Task goal:
Your task is to give the listing below back word for word, pictures excluded.
──────── Source material ────────
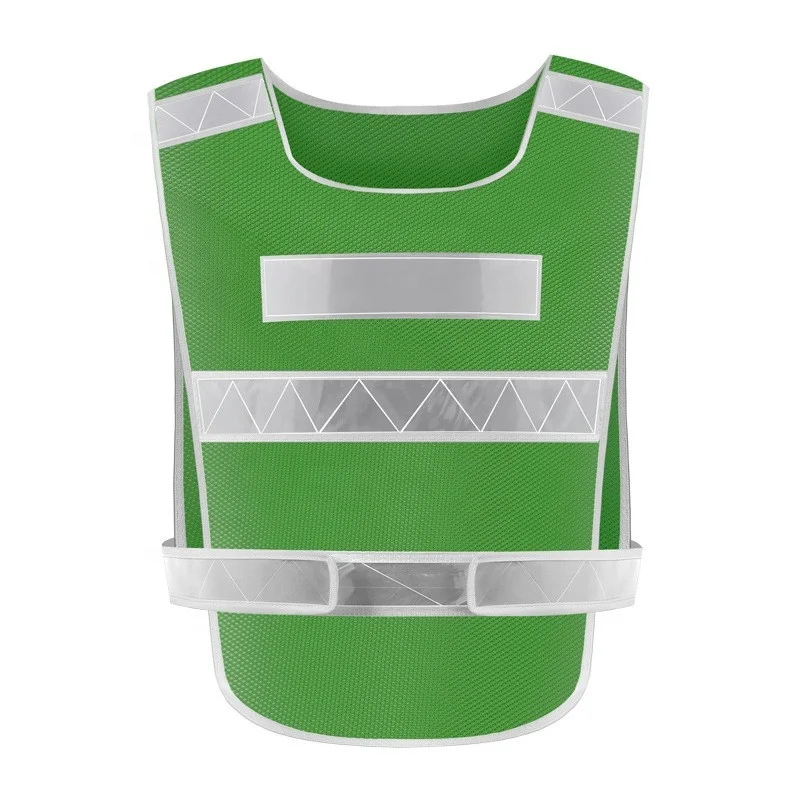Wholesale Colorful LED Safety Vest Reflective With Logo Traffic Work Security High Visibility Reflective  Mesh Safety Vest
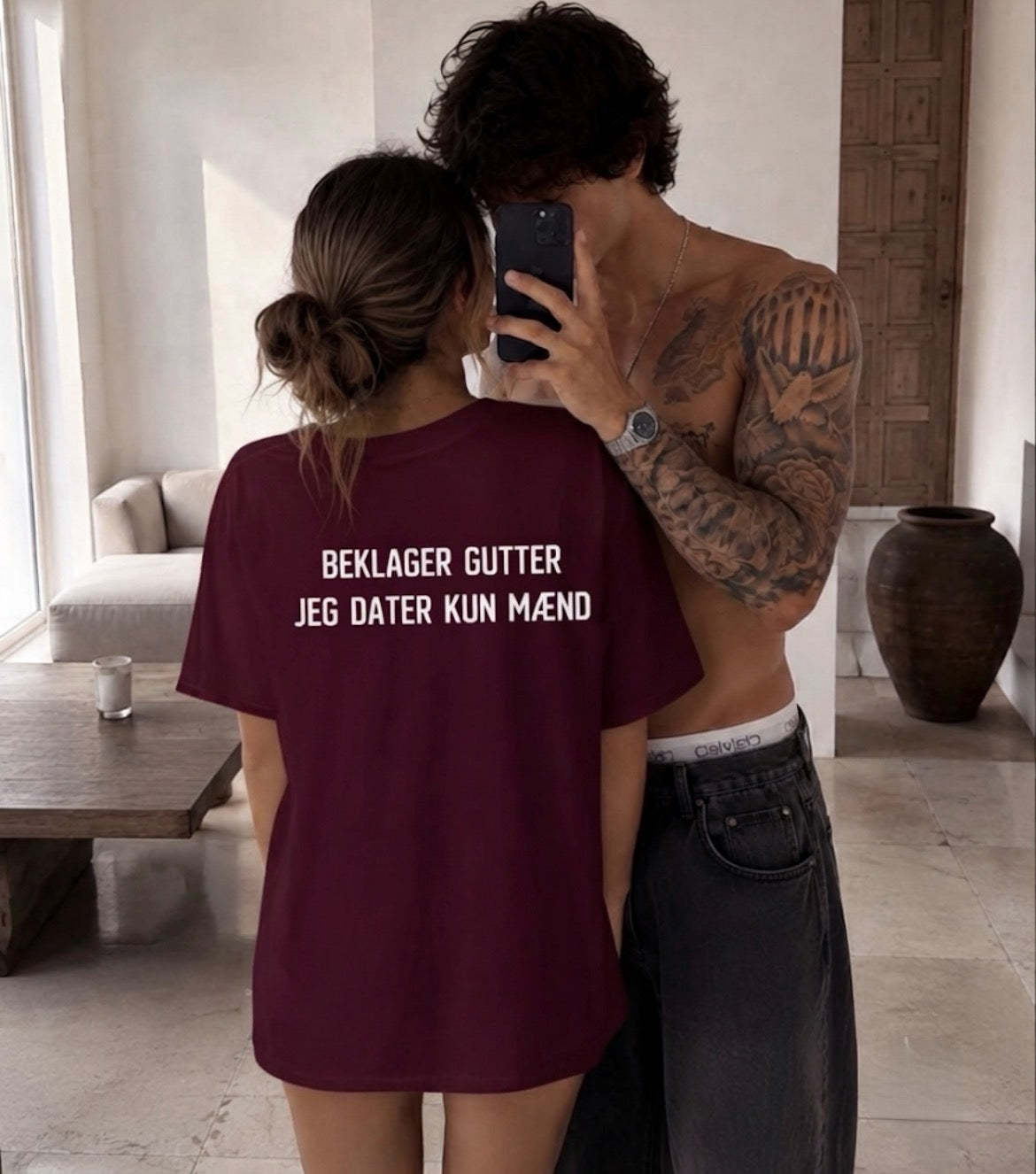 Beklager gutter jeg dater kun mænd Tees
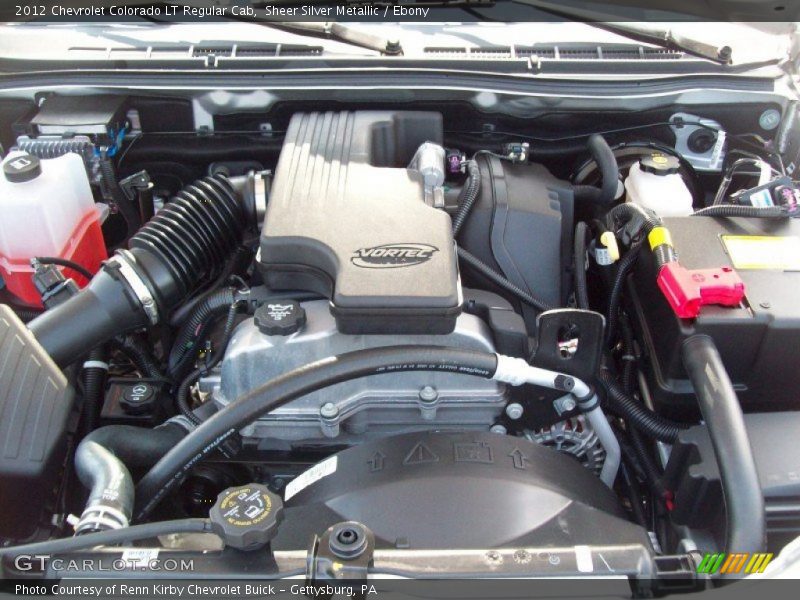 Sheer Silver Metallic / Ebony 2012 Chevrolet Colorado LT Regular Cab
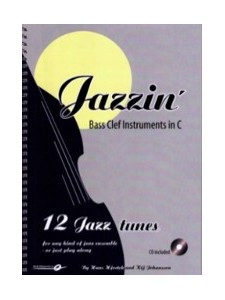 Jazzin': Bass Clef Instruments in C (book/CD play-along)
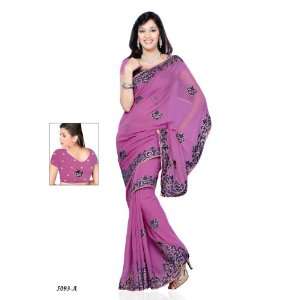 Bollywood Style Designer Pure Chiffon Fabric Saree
────────
Task result:
Wholesale Colorful LED Safety Vest Reflective With Logo Traffic Work Security High Visibility Reflective  Mesh Safety Vest
 Beklager gutter jeg dater kun mænd Tees
 Sheer Silver Metallic / Ebony 2012 Chevrolet Colorado LT Regular Cab
 Jazzin': Bass Clef Instruments in C (book/CD play-along)
 Bollywood Style Designer Pure Chiffon Fabric Saree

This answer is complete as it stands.